It's amazing what politicians will say when they believe it will be to their personal advantage, no matter what the consequences are. Environmental activists and liberal Democrats that see only chaos and how they can use it to their advantage, are a national security risk.
I would like to know what the average citizen can do to hold politicians responsible for what they say and do, plus no matter how far into the future. Bad ideas and decisions, ones that are totally without common sense, that put our nation at risk should have consequences.
Voting is one thing but politicians that want chaos must be stopped before they do us real harm. Recall them if they fall short? I like that idea.
THE "PARALYZING" PRINCIPLE
Source: Editorial, "The 'Paralyzing' Principle," Wall Street Journal, June 21, 2010.
The Gulf oil spill is having all sorts of nasty consequences well beyond damage to the regional environment and economy. Not least, the resulting political panic seems to be rehabilitating the thoroughly discredited theory of regulation known as the precautionary principle, says the Wall Street Journal.
This principle holds that government should attempt to prevent any risk -- regardless of the costs involved, however minor the benefits and even without understanding what those risks really are.
Developed in the late 1960s, this theory served as the intellectual architecture for the Environmental Protection Agency, which is still required to eliminate certain environmental risks no matter how expensive or pointless the effort is.

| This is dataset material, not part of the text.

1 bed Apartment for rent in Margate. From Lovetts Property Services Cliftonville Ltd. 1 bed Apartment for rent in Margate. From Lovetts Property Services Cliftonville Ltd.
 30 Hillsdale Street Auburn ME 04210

This same mentality is now prompting not merely tighter safety standards, but President Obama's moratorium on all new deep water drilling, shutting down dozens of Gulf and Alaskan projects, maybe permanently, says the Journal:
Last month, 26 Democrats demanded that the government fold up BP's other major Gulf operation, Atlantis, "to ensure that the explosion and mishap of the Horizon platform are not replicated."
Meanwhile, Governor Charlie Crist and other Florida politicians want a Gulf drilling ban unto eternity, and the California, Washington and Oregon Senate delegations want one for the West Coast too.
"Without a permanent ban on drilling off our shores," said Dianne Feinstein, "there is no guarantee whatsoever that this will not happen again."
In other words, the precautionary principle is back with a vengeance, says the Journal.